Boots customers 'baffled' by plastic prescription bags
"Livid" and "baffled" customers have been complaining to Boots after receiving their prescriptions in plastic bags rather than paper ones.
One was so incensed she took her bag back to the store with "shame on you!" and "paper, not plastic!" written in capitals in black marker pen.
Boots said it was using plastic bags because some prescriptions are now assembled at a central location, rather than in local pharmacies.

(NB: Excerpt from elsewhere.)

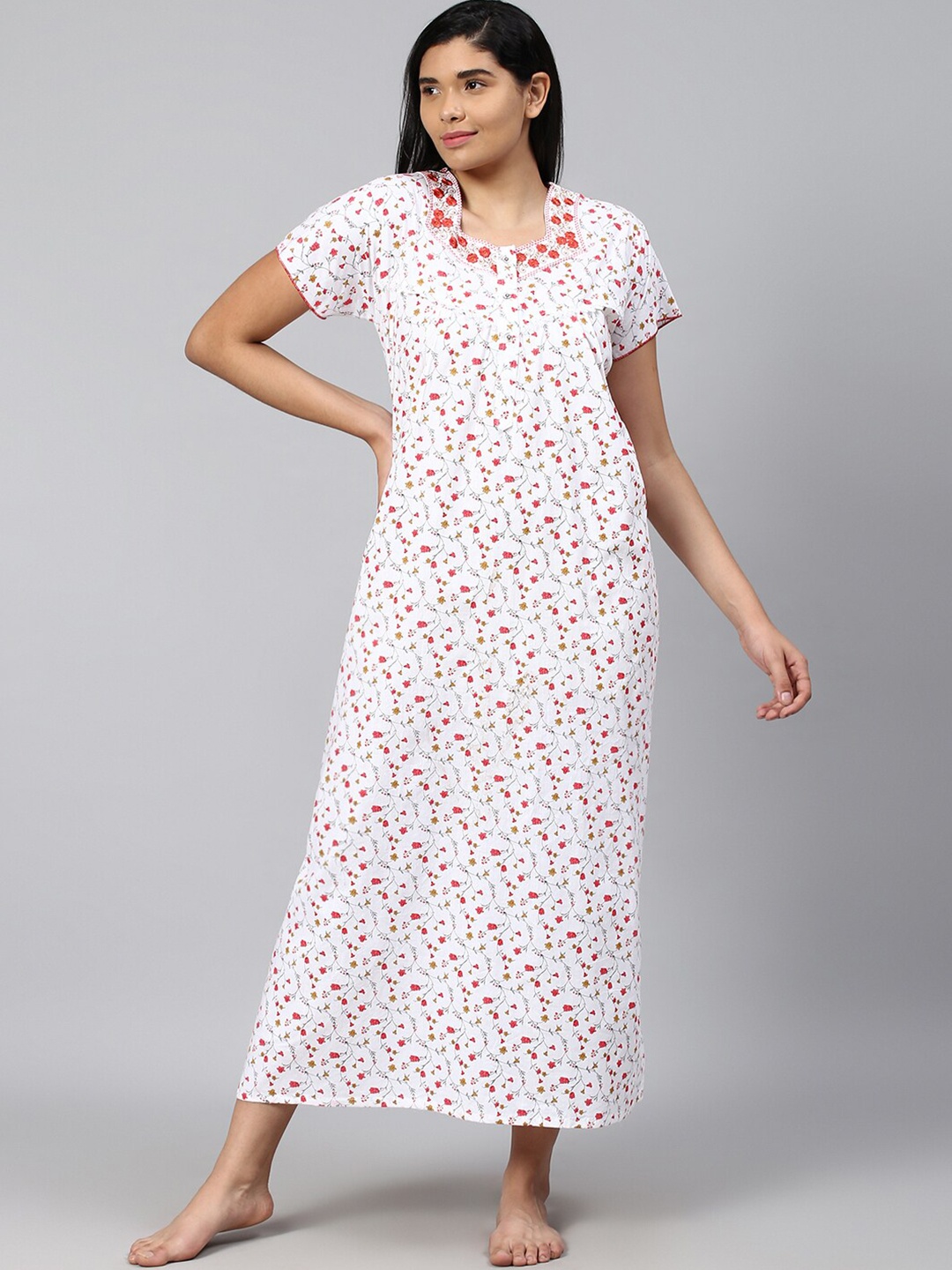 

TRUNDZ White Embroidered Maxi Nightdress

Plastic was "more durable", Boots said.
"When items are bulkier or have to travel longer distances, we use a plastic bag as these are more durable and help us to protect patient confidentiality and support patient safety," the Nottingham-based company said in a statement.

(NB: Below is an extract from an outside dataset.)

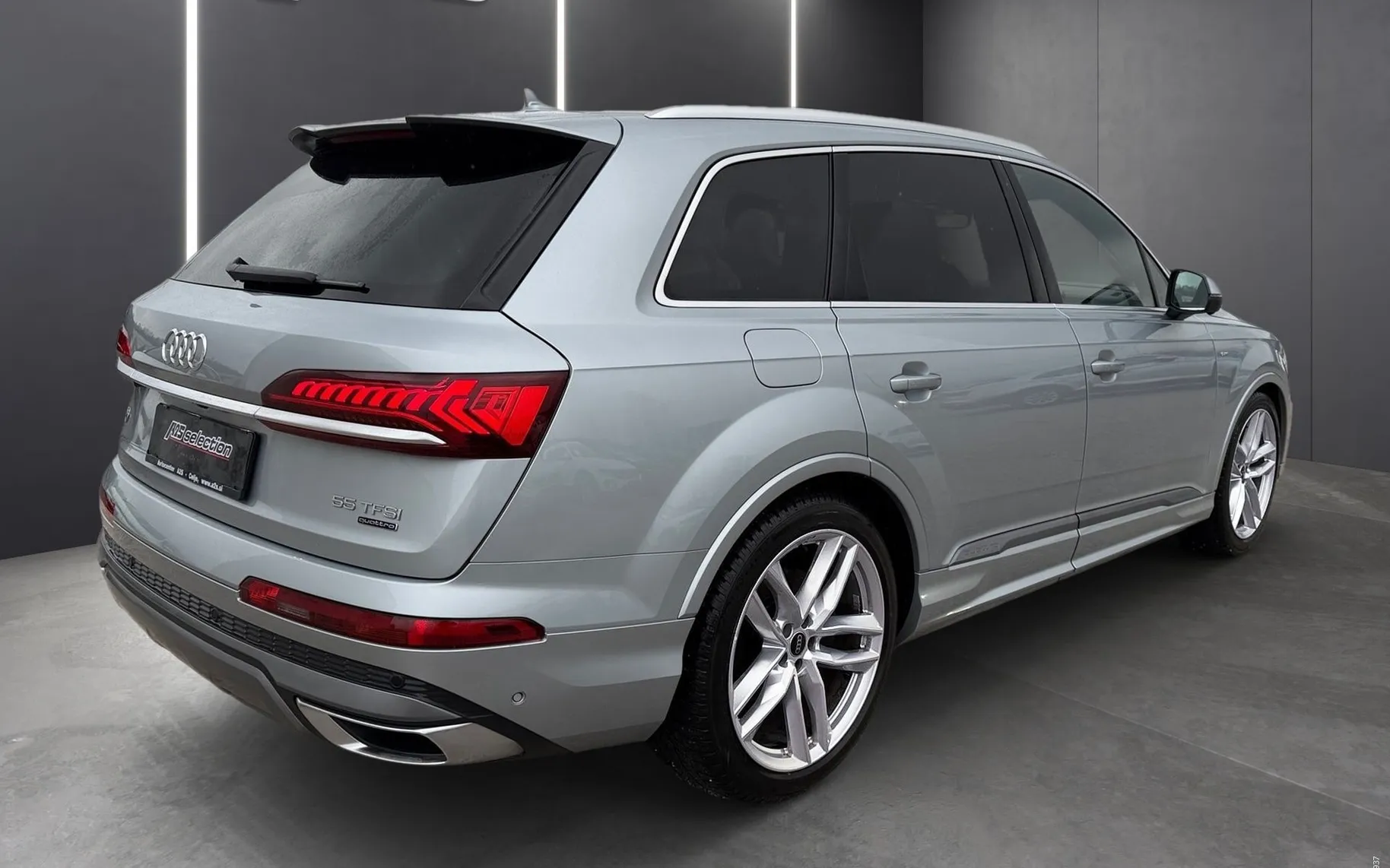 Zunanja slika - Audi Q7 - 55 TFSI quattro S-line Panorama - Soft close - 3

"Central dispensing accounts for less than 8% of our total dispensing; the overwhelming majority of our prescriptions are still dispensed in paper bags."
Boots UK signed up to the UK Plastics Pact last year and said at the time it was "committed to reducing single-use plastic".
Roisin Moriarty said she was initially puzzled when she was given a plastic bag but became "increasingly angry about it as I went back to work".
"I told my colleagues, who were equally appalled, then decided I could not let it lie," she said.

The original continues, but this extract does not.